## Source material
+++

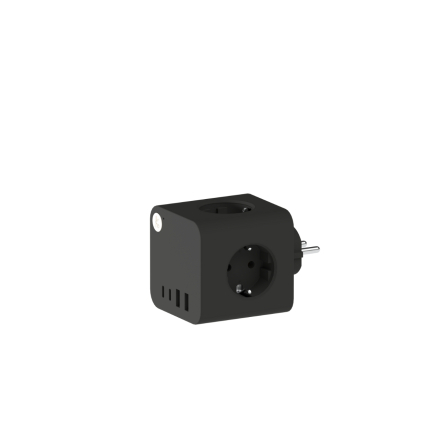 Ampie Grenuttag EU USB-A/USB-C Svart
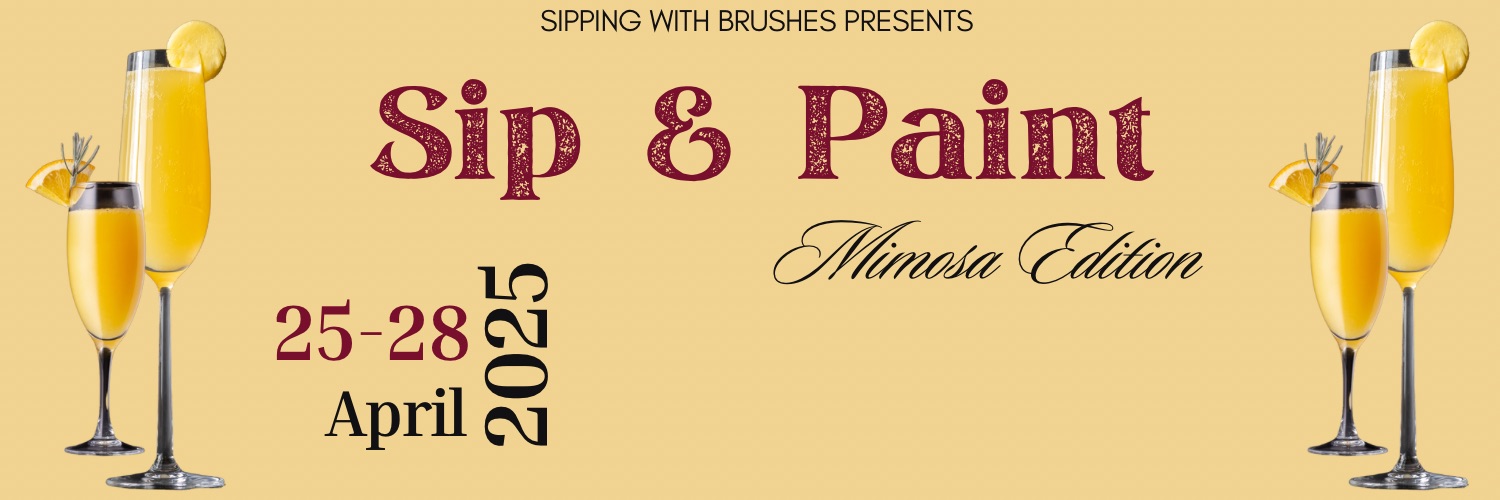Sip and Paint Mimosa Edition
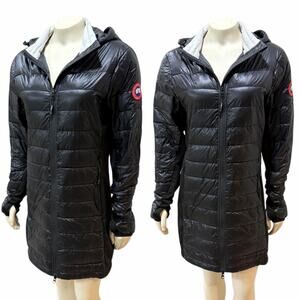 Canada Goose Hybridge Lite Quilted Jacket Long Medium Black NWT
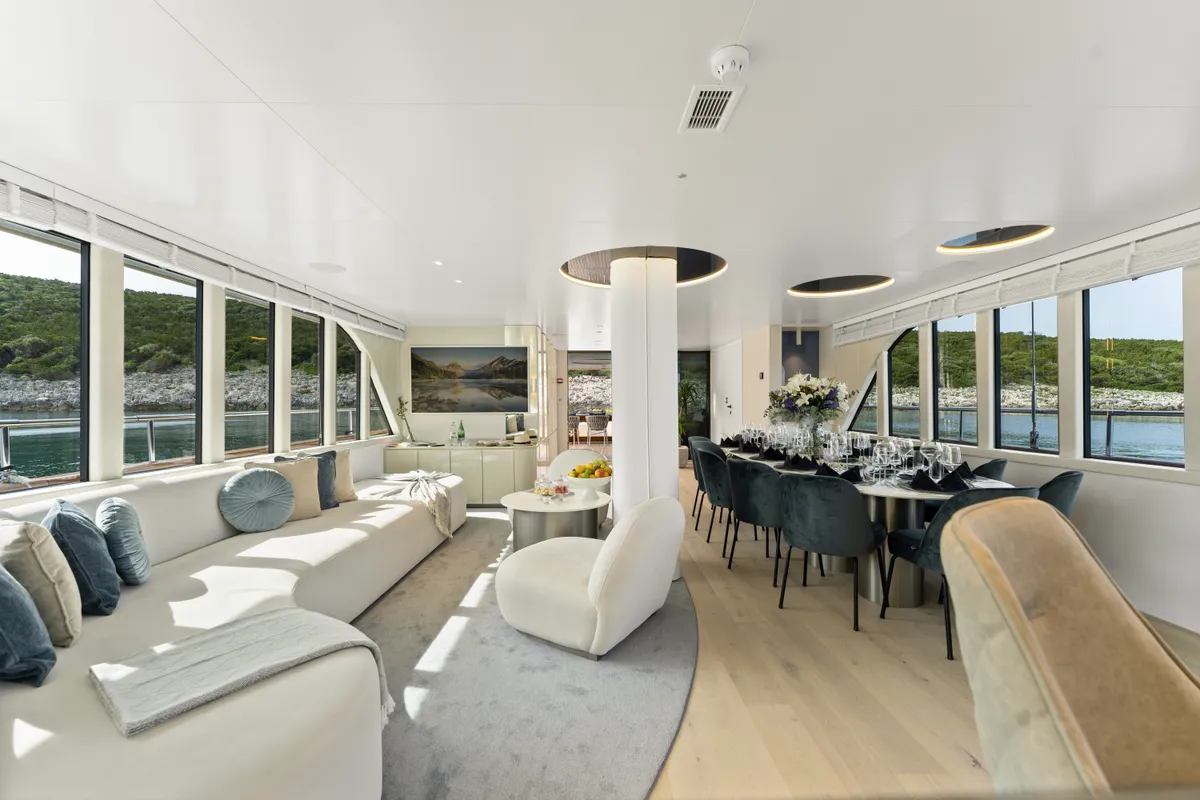 Salon of Maxita, a Gulet Motoryacht motor yacht at Split, Croatia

+++

## Work to be completed
Copy every line above exactly; images stay out.

## Answer box
 Ampie Grenuttag EU USB-A/USB-C Svart
Sip and Paint Mimosa Edition
 Canada Goose Hybridge Lite Quilted Jacket Long Medium Black NWT
 Salon of Maxita, a Gulet Motoryacht motor yacht at Split, Croatia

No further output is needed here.